Bu küçücük şehrin tarihi ise dev bir imparatorluklar geçidi gibi. Dubrovnik’in tarihinde Romalılar, Osmanlılar, Fransızlar ve Avusturyalıların hakimiyet gösterdiği dönemler var. Şehrin mimarisi göz dolduruyor. Stradun Caddesi’nin bitiminde bulunan Sponza (Rektör) Sarayı (üstte), 1516-1522 yılları arasında, yani 1667’deki büyük depremden önce inşa edilmiş. Rektör dediğimize bakmayın, üniversiteyle ilgili bir durum değil bu. Latince “yöneten” anlamına gelen rektör kelimesi dolayısıyla burayı yönetenlere ait bir unvan. Saray, Gotik ile Rönesans mimarisinin belirgin özelliklerini taşıyor. 19. yüzyılın sonlarında Neo-Bizans stilinde inşa edilmiş olan Dubrovnik Ortodoks Kilisesi, içerisinde farklı dillere ait 12 bin kitabın bulunduğu kütüphaneye sahip. 13. yüzyılın esintilerinin olduğu Çan Kulesi ve Orlando Sütunu da görmeye değer. Kentin koruyucusu Aziz Vlas’ın Kilisesi de ziyaret edilebilir. Aziz Vlas’ın 280-316 yılları arasında Sivas’ta yaşadığı düşünülüyor. Mimari gezinizin bundan sonraki durağında özgürlüğün ve sonsuzluğun simgesi olarak kabul edilen Lovrijenac Kalesi’nin girişine yürüyüp Latince “Özgürlük dünyanın hiçbir altınına satılmadı” yazısının altında hayat muhasebesi yapabilirsiniz!

Dünyanın ilk eczanelerinden biri ve karantina

Söylence o ki bir zamanların ticaret üssü Venedik’e rakip olarak öne çıkmaya başlayan Dubrovnik, karantina uygulamasının başlatıldığı ilk şehir. Şehrin sağlık konusundaki gelişmişliği ile ilgili bize fikir verecek güzel de bir gezi rotası da var. Franciscan Manastırı, 1347 yılında dünyanın ilk eczanelerinden biri olarak rahipler tarafından kurulmuş. Eczane müze 11. yüzyıldan 19. yüzyıla kadar biriktirilmiş birçok objeye, işlemeli porselenlere ve geniş bir kütüphaneye ev sahipliği yapıyor.
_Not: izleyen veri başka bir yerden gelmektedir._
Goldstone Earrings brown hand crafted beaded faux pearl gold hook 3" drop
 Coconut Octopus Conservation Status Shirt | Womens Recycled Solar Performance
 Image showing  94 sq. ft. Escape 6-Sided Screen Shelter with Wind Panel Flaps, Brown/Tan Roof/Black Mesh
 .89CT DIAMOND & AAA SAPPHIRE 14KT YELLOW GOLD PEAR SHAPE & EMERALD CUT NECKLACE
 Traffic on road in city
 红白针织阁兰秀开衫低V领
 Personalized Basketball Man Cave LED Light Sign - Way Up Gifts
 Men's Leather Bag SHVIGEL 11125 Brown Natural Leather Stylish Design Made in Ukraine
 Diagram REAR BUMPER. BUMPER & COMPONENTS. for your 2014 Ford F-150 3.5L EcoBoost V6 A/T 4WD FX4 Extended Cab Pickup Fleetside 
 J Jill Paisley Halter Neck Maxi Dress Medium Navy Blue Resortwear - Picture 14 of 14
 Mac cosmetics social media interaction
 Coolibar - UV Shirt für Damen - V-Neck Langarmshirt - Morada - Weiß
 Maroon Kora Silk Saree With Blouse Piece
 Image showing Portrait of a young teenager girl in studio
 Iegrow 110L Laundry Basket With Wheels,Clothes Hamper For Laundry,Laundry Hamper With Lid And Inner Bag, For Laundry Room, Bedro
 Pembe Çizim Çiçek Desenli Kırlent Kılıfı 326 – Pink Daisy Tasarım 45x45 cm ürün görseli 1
Franciscan Manastırı, 1667 yılında yaşanan büyük depremde ve ardından meydana gelen yangında oldukça zarar görmüş. Yine bir söylenceye göre manastırda bulunan altın ve gümüş sunaklar yangının sıcaklığına dayanamayarak erimiş ve Stradun Caddesi’ne akıp yok olmuş!